This brings us to Sartorio’s examples, which feature in a discussion that starts on page 156 in a section called “Manipulation Arguments.” Manipulation arguments, simply put, claim that a (sufficiently) manipulated agent lacks the sort of freedom required for moral responsibility. Sartorio recognizes that such arguments pose a serious challenge to her view. To address the challenge, she introduces the following variations on Alfred Mele’s well-known “zygote” example (as presented in this 2006 book, which I haven’t read: Free Will and Luck):

Diana: Mary is about to use in vitro fertilization to conceive a child. A goddess, Diana, intervenes by inducing a certain genetic mutation in the material in the dish, which she knows will result in the conception of a child, Ernie, with certain innate genetic dispositions. Diana knows that, partly due to those innate dispositions, thirty years later Ernie will perform a terrible act: he’ll murder his uncle to inherit a fortune. Diana induces the relevant genetic mutation because she wants Ernie to murder his uncle, has full knowledge of the state of the world and the deterministic laws, and can predict exactly how the world will evolve after she intervenes in that way. Still, when Ernie murders his uncle thirty years later, he satisfies all of the standard compatibilist conditions on freedom with respect to that act (his act is not the result of compulsion or coercion, he is responsive to reasons, he identifies with the desires that move him to act, he takes responsibility for the relevant mechanisms, etc.) (pp 158–159).

From this, Sartorio extracts a simple argument (p 159):

Diana Argument (Simple Version):
(1) Ernie’s murdering act is not free.
(2) Ernie meets all of the standard compatibilist conditions when he commits the murdering act.
(3) Therefore, all standard forms of compatibilism fail.

My central concern here is with the intuitive plausibility of (1).
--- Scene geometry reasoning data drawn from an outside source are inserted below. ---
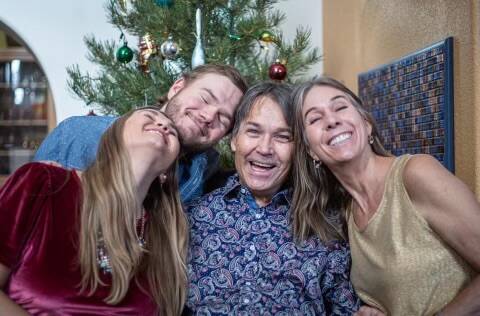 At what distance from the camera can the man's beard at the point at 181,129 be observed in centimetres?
171

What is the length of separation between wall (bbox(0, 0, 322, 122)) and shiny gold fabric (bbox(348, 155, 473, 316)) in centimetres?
249

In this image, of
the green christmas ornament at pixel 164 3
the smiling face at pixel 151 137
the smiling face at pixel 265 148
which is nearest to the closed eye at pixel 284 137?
the smiling face at pixel 265 148

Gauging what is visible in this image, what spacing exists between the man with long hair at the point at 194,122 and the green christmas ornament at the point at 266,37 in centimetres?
74

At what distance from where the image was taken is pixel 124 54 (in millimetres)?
2514

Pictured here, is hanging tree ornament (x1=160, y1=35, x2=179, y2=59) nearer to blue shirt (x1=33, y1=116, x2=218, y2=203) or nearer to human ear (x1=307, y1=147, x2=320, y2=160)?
blue shirt (x1=33, y1=116, x2=218, y2=203)

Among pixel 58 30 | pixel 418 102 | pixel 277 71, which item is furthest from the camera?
pixel 58 30

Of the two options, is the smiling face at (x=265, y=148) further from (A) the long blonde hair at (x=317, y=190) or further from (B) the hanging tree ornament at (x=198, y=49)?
(B) the hanging tree ornament at (x=198, y=49)

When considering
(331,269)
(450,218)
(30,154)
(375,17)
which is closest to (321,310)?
(331,269)

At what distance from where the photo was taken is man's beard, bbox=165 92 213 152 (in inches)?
67.1

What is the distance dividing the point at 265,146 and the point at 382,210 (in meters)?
0.39

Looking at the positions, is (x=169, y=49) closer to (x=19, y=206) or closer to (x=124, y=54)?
(x=124, y=54)

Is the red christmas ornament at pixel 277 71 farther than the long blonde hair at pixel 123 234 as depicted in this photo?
Yes

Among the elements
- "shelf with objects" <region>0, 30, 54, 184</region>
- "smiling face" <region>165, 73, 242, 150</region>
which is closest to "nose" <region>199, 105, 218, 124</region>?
"smiling face" <region>165, 73, 242, 150</region>

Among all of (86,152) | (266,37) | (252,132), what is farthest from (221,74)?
(266,37)
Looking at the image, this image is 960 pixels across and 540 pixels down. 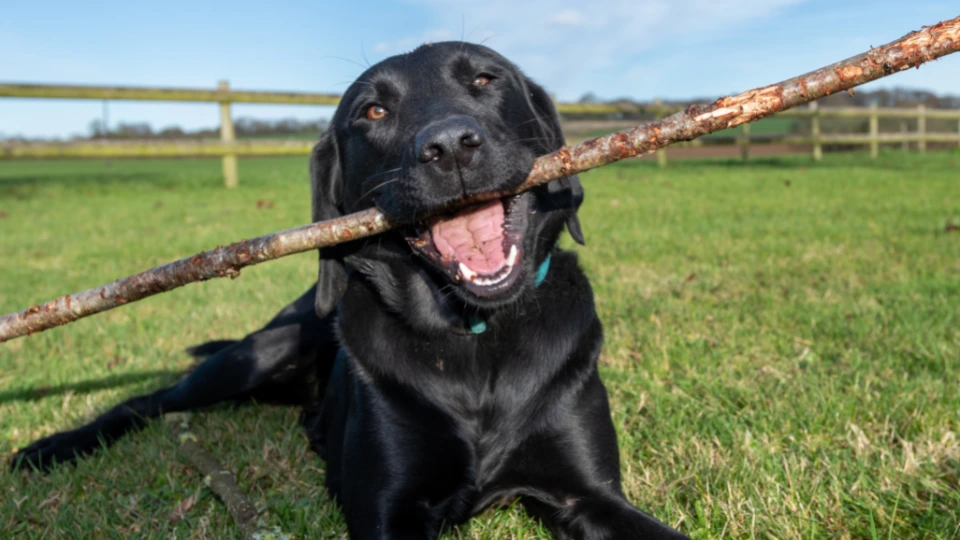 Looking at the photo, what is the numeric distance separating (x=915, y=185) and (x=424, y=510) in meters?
11.1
It seems not only plausible to me, but obviously true. Sartorio also finds it plausible, but with a caveat:

Incompatibilists would note that (1) is intuitively very plausible, and I think they’re right about this. I, at least, do find it intuitively plausible, and my guess is that many others would too. However, I will suggest that there are reasons to be skeptical of the reliability of our intuitions in scenarios of this kind (p 160).
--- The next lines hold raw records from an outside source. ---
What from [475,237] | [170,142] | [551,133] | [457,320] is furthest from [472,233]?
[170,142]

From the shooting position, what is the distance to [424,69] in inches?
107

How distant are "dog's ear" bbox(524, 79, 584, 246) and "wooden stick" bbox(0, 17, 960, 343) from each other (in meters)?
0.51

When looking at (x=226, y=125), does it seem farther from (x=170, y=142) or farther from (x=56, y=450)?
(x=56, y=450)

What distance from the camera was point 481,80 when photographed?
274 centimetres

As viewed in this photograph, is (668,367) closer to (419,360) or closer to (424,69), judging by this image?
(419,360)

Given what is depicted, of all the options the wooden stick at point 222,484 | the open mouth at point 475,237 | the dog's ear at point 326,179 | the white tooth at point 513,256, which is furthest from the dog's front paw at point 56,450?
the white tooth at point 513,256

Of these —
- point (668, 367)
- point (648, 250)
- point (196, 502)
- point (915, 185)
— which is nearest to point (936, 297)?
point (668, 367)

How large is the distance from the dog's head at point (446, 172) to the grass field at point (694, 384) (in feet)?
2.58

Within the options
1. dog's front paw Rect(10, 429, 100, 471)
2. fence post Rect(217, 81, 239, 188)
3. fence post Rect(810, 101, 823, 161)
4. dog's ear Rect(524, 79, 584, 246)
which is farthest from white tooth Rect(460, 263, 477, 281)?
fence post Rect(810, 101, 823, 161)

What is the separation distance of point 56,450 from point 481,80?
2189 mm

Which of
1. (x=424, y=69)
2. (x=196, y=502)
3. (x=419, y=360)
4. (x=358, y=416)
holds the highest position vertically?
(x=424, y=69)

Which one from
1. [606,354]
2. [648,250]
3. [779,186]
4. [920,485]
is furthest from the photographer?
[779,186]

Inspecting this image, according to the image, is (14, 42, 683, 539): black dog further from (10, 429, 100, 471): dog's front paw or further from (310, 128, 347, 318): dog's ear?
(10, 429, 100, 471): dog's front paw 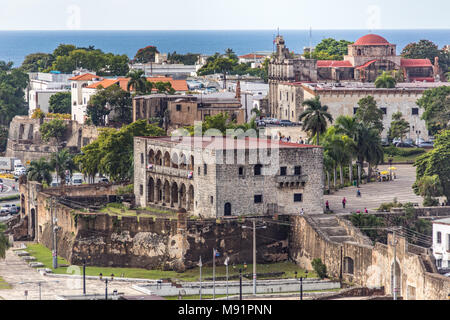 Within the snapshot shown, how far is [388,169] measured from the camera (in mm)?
123000

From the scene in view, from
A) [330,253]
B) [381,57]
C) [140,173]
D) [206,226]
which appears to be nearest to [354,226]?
[330,253]

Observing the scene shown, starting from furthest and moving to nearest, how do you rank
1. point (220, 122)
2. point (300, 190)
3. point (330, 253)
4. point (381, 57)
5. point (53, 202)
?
point (381, 57), point (220, 122), point (53, 202), point (300, 190), point (330, 253)

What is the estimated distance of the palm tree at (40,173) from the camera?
128 meters

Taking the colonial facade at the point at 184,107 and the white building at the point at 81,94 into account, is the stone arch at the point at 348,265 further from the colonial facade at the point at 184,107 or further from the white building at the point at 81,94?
the white building at the point at 81,94

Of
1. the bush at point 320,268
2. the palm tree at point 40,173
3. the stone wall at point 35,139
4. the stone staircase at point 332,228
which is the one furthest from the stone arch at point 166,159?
the stone wall at point 35,139

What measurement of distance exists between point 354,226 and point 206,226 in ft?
37.0

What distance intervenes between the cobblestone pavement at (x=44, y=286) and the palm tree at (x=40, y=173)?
89.4ft

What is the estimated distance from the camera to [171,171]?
106 m

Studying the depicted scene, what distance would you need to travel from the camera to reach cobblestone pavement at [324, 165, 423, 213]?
10538 cm

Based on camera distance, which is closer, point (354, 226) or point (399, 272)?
point (399, 272)

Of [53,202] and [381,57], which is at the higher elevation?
[381,57]

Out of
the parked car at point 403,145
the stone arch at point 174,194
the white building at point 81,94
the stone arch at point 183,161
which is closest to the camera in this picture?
the stone arch at point 183,161

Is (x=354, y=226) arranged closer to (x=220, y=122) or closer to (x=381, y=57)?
(x=220, y=122)

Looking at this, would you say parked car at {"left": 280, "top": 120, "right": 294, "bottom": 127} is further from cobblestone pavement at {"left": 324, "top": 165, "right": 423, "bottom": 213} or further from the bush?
the bush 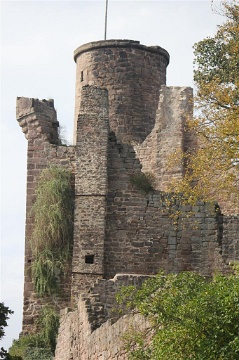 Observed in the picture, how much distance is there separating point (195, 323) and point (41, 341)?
12.3m

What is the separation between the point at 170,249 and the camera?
2972cm

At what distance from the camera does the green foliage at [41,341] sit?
28109 mm

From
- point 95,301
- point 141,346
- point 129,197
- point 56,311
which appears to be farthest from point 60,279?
point 141,346

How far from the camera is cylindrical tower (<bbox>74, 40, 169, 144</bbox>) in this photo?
119 feet

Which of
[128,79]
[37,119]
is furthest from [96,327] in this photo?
[128,79]

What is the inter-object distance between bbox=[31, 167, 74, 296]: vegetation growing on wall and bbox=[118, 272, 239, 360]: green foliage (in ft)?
36.3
To bear out her skeptical point, she shares another example:

Lightning Strike: This time there is no goddess Diana. Instead, a flash of lightning strikes the laboratory while the in vitro procedure is taking place, and this results in the same genetic mutation in the material in the dish as the one induced by Diana in the Diana scenario. Everything else is the same as in the Diana scenario (pp 160–161).

According to Sartorio, her intuitions “change drastically” in this case. That is, in contrast with the Diana scenario, here she’s “not at all tempted to regard Ernie’s act as not free” (p 161). Furthermore, she goes on to note that, while she recognizes this is strictly an intuitive response, her guess is that “many others would have a similar reaction” (p 161). Indeed, she tends to use words like “we” when discussing this intuition; for example:

If I am right and our intuitions about such cases [as the Lightening Strike case] differ radically from our intuitions about standard (intelligent-design) manipulation cases, then this can be used to cast serious doubt on the manipulation argument (p 166).
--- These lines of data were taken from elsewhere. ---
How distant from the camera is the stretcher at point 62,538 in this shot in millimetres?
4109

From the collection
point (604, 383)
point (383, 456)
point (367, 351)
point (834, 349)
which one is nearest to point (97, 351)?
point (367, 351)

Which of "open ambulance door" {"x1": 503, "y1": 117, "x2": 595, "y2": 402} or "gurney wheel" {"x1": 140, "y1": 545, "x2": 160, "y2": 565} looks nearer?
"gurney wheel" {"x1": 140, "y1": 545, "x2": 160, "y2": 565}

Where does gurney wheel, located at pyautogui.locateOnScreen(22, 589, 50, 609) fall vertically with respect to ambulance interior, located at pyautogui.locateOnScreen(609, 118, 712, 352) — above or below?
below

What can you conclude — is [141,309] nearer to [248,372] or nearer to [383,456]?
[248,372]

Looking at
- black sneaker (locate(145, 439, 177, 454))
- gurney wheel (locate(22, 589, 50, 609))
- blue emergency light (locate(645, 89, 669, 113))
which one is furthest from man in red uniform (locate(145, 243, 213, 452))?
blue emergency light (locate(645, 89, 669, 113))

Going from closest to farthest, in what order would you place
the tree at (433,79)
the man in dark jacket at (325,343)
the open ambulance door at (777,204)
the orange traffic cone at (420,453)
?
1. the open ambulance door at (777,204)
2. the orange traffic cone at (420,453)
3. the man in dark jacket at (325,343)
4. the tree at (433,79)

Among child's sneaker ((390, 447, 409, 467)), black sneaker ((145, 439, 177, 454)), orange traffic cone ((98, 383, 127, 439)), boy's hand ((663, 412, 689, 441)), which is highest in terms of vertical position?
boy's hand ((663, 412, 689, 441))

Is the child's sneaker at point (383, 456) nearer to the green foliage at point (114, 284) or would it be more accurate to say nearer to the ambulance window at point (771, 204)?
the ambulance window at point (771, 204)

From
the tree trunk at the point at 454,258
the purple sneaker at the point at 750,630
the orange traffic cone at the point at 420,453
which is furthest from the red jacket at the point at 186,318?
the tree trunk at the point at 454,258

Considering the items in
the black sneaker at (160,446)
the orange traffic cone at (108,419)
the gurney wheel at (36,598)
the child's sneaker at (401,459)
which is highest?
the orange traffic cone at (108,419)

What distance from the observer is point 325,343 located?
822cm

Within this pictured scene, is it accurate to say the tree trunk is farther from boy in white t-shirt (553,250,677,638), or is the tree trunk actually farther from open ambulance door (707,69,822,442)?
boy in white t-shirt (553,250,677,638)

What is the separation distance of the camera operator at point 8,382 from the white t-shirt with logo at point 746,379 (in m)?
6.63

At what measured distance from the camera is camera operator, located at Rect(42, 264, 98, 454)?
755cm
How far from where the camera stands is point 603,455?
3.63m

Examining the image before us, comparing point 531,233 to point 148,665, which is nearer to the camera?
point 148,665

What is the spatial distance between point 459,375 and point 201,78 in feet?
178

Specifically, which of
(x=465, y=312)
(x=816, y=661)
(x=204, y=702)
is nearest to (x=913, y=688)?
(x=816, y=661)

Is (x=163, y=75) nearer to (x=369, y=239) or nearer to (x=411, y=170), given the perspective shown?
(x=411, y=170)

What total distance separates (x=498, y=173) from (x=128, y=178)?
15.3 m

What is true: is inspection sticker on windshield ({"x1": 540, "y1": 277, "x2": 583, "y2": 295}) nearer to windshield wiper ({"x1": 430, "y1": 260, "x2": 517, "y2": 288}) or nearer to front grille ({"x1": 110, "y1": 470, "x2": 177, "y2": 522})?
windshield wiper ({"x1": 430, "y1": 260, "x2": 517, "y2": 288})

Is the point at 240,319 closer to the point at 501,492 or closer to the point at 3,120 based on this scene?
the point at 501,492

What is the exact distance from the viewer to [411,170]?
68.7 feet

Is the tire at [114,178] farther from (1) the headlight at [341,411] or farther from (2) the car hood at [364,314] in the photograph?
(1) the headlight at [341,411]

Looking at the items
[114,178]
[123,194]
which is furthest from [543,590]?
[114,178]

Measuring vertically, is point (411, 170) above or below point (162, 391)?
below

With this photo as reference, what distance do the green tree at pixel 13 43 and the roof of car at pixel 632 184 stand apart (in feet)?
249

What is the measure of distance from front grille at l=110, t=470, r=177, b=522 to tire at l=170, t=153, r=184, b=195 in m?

Why do we tend to feel that Ernie’s freedom and responsibility are undermined when the source of the genetic manipulation is intelligent design, but not when it’s blind forces? This is an interesting question, and it would be nice to have an answer to it (167).

This strikes me as utterly bizarre, even when I try to hold onto the compatibilist intuition. What difference could it possibly make if Ernie’s act is predetermined by the calculations (or miscalculations; see below) of a conscious agent or by some naturally occurring fluke? I do believe Sartorio is arguing in good faith, but her shift in intuition strikes me as so strange that I have to do a little work to ignore a little voice in my head insisting that she must be putting us on in order to stay true to her overriding claim that people are (at least sometimes) morally responsible for their actions.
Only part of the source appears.